On our way to the Airport Trailhead we made a stop in Kingfield, Maine at the Maine Huts and Trails (MHT) headquarters. I highly recommend this stop for first-timers, since employees offer lots of information, suggestions, and enthusiasm to get you pumped up for your first day. Thanks to Patrick’s insider information, we learned about the excellent vista near a trail stop we’d be passing called “half-way yurt.” The vista involves an extra trail climb of ten to fifteen minutes, but the view of Sugarloaf and the Bigelow range was jaw-dropping.

Day one was a 3.3 mile, fully-loaded ski in to Poplar, the original hut. We worked up quite a sweat on that climb, but our loads were lighter for the rest of our ski-days. For an extra $35 per day, MHT offers a shuttle to transport your gear (up to 25 pounds in a backpack) to your next destination. We happily sprang for that added perk.

Rihanna and Caleb, our hut staffers, greeted us at Poplar’s registration window, oriented us to the facilities, and announced the dinner menu – spicy beef stew, rutabaga mash, farro and butternut squash salad, homemade bread, and coconut cupcakes for dessert. Yup, it was as good as it sounds. Not only are the huts almost exclusively off the grid, they also do their best to use locally-sourced food. That means real Maine blueberries and Maine maple syrup for your morning pancakes.

Since I am not by nature a morning person, I was daunted to hear that we had to have our gear packed and ready for the shuttle at 7:30 a.m. However, since breakfast is served at 7:30 anyway, it wasn’t so bad and allowed us to start our long days promptly, with plenty of daylight ahead.

On day two we made the 11.5-mile trek from Poplar Hut to Flagstaff in a light snowfall. The recent heavy snow and wind was a bonus, and not just for excellent skiing conditions. The woods were glorious and peaceful. Huge dollops of snow muffled sound and decorated stumps and spruce boughs. Birch and cedar trees were limned in white highlights. We had easy going on the groomed trail, and we weren’t alone. For about a mile we followed the pawprints of a fox, probably grateful for an alternative to the deep slog in the woods. We spotted a downy woodpecker, flushed a grouse, and fell under the spell of our own rhythmic gliding through the silence.

The half-way yurt was perfectly placed as a lunchtime rest stop. We lit up the woodstove, warmed and dried our damp outer layers, and ate the lunches we’d prepared from the hut’s lunch buffet table that morning. Best of all, the yurt is at the top of a rise, so your after-lunch event is a lovely, long downhill glide.

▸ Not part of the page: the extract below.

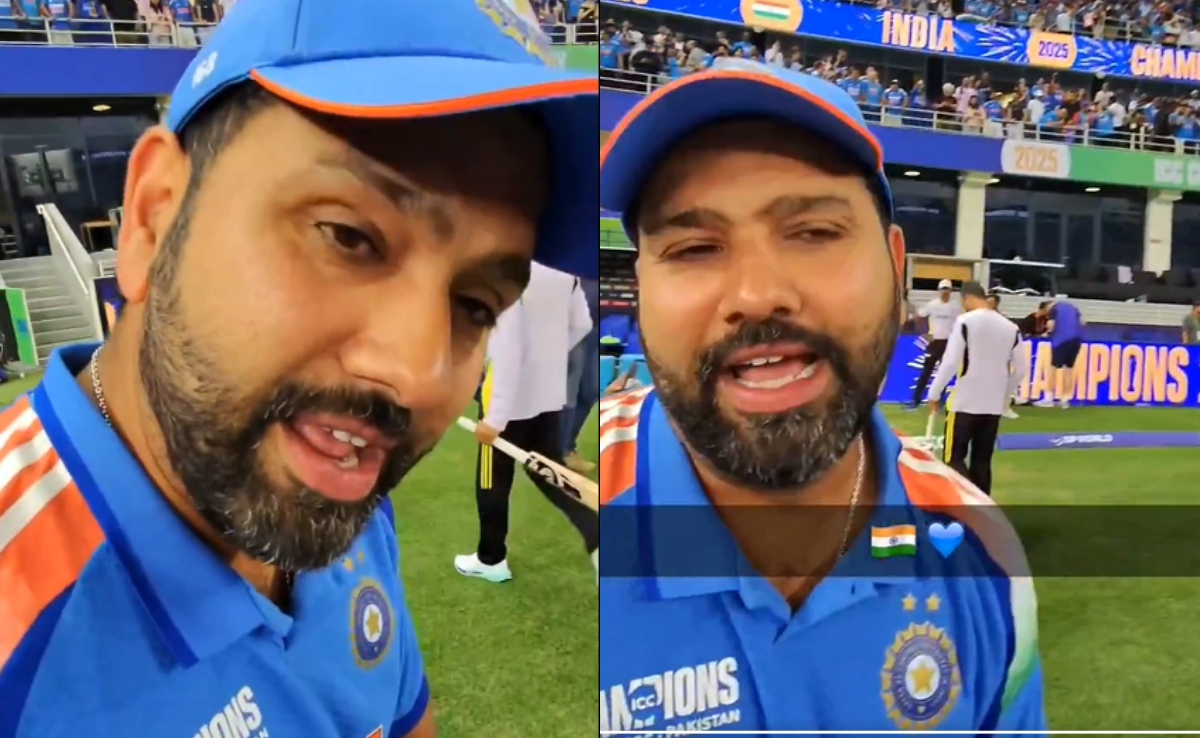 "Kya? Retirement Le Lu?": Video Of Rohit's Chat After CT 2025 Win Viral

The MHT system was the brainchild of Larry Warren, who was inspired by hut-to-hut trails in the European Alps. As MHT celebrates their ten-year anniversary, they have plans to expand their four huts and 80 miles of trails to an additional six to eight huts, each with its own particular character. Flagstaff, grandly overlooking Flagstaff Lake, has trailhead parking less than two miles away and is perfect for families interested in boating, hiking, snowshoeing, or skiing.

January is quiet season, so I found myself alone with my coffee one morning in the airy dining room. I gazed through a floor-to-ceiling pyramid of tall windows that framed a dazzling portrait of snow and birches. Quintessential Maine woods, I thought…and someone else is doing all the cooking. I will definitely return.